La strategia di Piantedosi

«Per il futuro la linea sarà puntare a che non ci siano navi che trasportano migranti nel Mediterraneo. Faremo una forte azione di intesa con i Paesi di origine dei transiti per governare i flussi. Significa fare in modo che siano gli Stati, quelli di origine e destinazione, a governarli concedendo a questi Paesi delle quote di flussi di ingresso regolare. Si farà questo tipo di azione. Verrà proposta ai Paesi di origine, che sono la Tunisia, la Libia, l’Egitto, l’Algeria». Per porre un freno agli sbarchi, che ieri hanno superato quota 80mila da inizio anno, Piantedosi ha una strategia condensata in due parole: «Rigore e umanità». Rigore è la linea che ha deciso di adottare nei confronti della flotta umanitaria. Per adesso solo l’adozione di una direttiva e l’invio, di concerto con la Farnesina, di una nota verbale agli Stati di bandiera delle navi, che suona come un avvertimento: la musica è cambiata, le navi taxi del mare non sono gradite, gli Stati di bandiera se ne facciano carico, in Italia si entra con i canali umanitari o con i flussi legali. D’altra parte – ha sottolineato Piantedosi da subito – salvare vite in mare è una priorità. Come la Guardia costiera italiana continua a fare anche se solo in zona Sar italiana e non oltre.

I salvataggi della Guardia costiera

E certo suona quasi come una beffa per il governo che proprio le navi della Guardia costiera abbiano sbarcato nei porti italiani ben 3.000 migranti in tre giorni, gli ultimi 1.200 soccorsi ieri a bordo di due barconi partiti dalla Cirenaica, grandi come non se ne vedevano da tempo. Soccorsi sui quali, ma già con il governo precedente, la Guardia costiera tiene un basso profilo (comunicati scarni e in ritardo, niente foto e video). Tremila, dunque, i migranti già sbarcati a fronte dei 380 a bordo delle due navi umanitarie che si preparano a una lunghissima attesa in mare. A bordo della Ocean Viking e della Humanity 1 non è arrivata alcuna comunicazione, nè dall’Italia nè dai rispettivi Stati di bandiera ma i capimissione sanno già che appena chiederanno il porto dall’Italia riceveranno silenzio o diniego. E comincerà il braccio di ferro perchè (vale ricordarlo) anche con Salvini al Viminale, alla fine – dopo attese più o meno lunghe – tutti i migranti sono sempre stati fatti sbarcare anche per ordine della magistratura.

(ansa)

Le denunce delle Ong

Quel che è certo è che nel Mediterraneo la tensione è destinata ad alzarsi ulteriormente.
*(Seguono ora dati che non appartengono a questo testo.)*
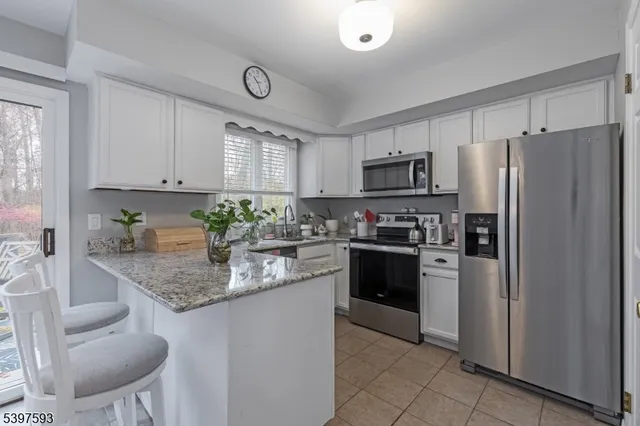 a kitchen with stainless steel appliances granite countertop a refrigerator sink and stove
In area Sar sta tornando anche la Geo Barents di Msf mentre la Sea Watch denuncia che la Guardia costiera libica avrebbe minacciato di sparare contro l’areo Seabird della Ong. Lo stesso aereo che ha scattato delle foto che costituiscono l’ennesima prova della complicità tra la Guardia costiera libica e i trafficanti: un barchino intercettato l’8 ottobre, i migranti riportati indietro, lo stesso barchino (identificato da un numero sulla fiancata) fotografato tre giorni dopo con altri migranti, prova che la Guardia costiera invece di distruggere l’imbarcazione l’ha riconsegnata ai trafficanti. Foto imbarazzanti alla vigilia del rinnovo degli accordi Italia-Libia di cui ieri 40 associazioni a Roma hanno chiesto una improbabile revoca al governo che invece intende rafforzare il patto con Tripoli.